I’ve been having internal arguments (and some that I extend out and ask Todd about). How do you pin down and quantify how much you’re “allowed” to grieve? Is it wrong to want to begin healing and finding a way back to some sense of rightness – because everything feels so wrong right now? Why does moving on and finding something to smile about feel like a betrayal of him, when he really loved to make us smile and laugh?
Why did I sit at my keyboard, unsure if I should report that I wouldn’t be in to work tomorrow or just toughen up and go in?
Why was he alone and was he scared? Was he mad?
Todd keeps it all quiet and inside, so I’m just trying to figure things out in my own way.
When is too young to die and when is it just “life”? Is almost 15 years of marriage enough? What about 20 – 30 – 50? Is it easier when someone is terminal or really elderly? What about frailty? What will the autopsy say? Did he suffer (and I can’t stop thinking that it’s probably yes, no matter if it was physical or if it was the fact that he couldn’t hold her again)?
Why do I feel like I want to hide from sympathy and want to yell at the world that it isn’t fair? I’m not the one who needs the sympathy and support. I am a supporting character in all of this. I’m dreading work, but I need to get back in there and put that face on everything – get back to the routine of doing all things and making that paycheck.
How is she going to be able to figure things out and keep moving? I know she will. Logic says that she’ll do it, that she’ll pull together the pieces of her heart and each day will pass and she’ll keep doing what she needs to do.

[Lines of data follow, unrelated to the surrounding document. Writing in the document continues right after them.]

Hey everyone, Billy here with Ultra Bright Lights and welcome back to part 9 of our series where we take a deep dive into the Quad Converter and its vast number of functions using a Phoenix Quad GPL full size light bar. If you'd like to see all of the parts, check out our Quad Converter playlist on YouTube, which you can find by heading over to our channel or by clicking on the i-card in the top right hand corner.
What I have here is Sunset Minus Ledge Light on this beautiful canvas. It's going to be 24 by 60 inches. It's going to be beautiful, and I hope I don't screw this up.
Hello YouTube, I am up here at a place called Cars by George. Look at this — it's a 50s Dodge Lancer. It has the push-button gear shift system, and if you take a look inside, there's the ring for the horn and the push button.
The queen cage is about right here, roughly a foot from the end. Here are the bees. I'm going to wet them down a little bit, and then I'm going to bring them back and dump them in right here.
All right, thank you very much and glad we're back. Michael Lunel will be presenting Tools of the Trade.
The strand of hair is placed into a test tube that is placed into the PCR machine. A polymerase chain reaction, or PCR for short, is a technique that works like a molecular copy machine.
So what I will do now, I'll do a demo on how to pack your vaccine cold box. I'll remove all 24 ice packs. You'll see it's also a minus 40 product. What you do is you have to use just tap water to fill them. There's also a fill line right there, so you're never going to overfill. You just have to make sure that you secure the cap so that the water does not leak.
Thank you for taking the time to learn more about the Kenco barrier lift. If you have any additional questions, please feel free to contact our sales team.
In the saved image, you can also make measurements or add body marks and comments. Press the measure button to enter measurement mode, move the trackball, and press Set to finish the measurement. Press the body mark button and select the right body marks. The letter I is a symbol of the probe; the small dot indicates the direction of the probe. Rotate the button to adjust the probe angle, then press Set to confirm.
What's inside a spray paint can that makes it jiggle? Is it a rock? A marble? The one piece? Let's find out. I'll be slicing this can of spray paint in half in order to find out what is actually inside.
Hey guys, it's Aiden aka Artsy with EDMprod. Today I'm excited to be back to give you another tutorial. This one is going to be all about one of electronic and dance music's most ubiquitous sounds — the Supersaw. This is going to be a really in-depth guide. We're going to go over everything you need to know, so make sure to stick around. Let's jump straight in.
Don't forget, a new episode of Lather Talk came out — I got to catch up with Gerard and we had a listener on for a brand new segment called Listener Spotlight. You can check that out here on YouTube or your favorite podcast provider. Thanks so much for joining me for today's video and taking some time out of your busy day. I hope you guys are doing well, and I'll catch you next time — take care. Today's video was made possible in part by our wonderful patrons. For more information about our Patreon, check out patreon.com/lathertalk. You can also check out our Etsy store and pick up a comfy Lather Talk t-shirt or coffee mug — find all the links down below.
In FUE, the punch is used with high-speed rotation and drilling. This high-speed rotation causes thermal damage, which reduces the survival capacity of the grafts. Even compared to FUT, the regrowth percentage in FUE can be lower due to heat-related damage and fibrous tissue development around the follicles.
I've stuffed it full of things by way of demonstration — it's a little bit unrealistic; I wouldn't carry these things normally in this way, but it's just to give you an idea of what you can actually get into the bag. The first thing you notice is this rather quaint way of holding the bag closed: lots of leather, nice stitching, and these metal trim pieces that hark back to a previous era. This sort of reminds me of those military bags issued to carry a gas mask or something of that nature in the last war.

One by one, the milestones will fall down – one day, one week, one month, the first family holiday, their anniversary, then his birthday and Christmas, and a year, then more. It won’t feel like it’s getting a bit better, though. Not for a long, long time.
I don’t want to place this thing on her – the permanent assignment of grieving widow. I want to be able to give her what she needs from us and I don’t understand what it is. I’m simply no good at this.
What do I say? What do I do, when there’s nothing I can really do?
And I miss him. Not in that “see him every day” kind of way… but in that “family dinner” way that we’ve had over the years. 13 years of us being family. It’s kind of tiny, isn’t it?
We gave him a season of “Arrested Development” for his birthday one year. It always seemed perfect, given his sense of humor. It cracked us up when we were in the store, just thinking about them watching it and laughing. He tried the Brussel Sprouts Jones Soda one year, during a holiday dinner. It smelled awful, but he was game and tried it anyway.
After the first surgery that took 1/3 of his stomach, he showed us the staples. I wanted to make him something yummy – like a roast turkey milkshake – so he would be able to enjoy it with us again. I did the math, back then in April, and thought about the odds and how I wondered if he’d make it to see his birthday. Then I started to truly believe he was beating it because we were outside the daily living of it. He was a big guy, with a tummy that jiggled when he laughed (usually at the end of one of the crazy stories he was telling us). Last week we heard that he’d gain a pound up from 135. It struck me that he was so thin, but it was such a wonderful thing to hear that he’d gained weight.
We didn’t visit because we were sick. And that sounds so feeble now. What a stupid reason. When someone’s white blood cell count is bad and infection is dreaded, it seems smart, doesn’t it?
I look at the pictures of them together and every single one is smiles. Every one. Even here in the last week.
Where does that energy go? There is the law of conservation of energy. Where does it go? How can you be a smiling, loving human being one minute and gone the next?
I don’t understand.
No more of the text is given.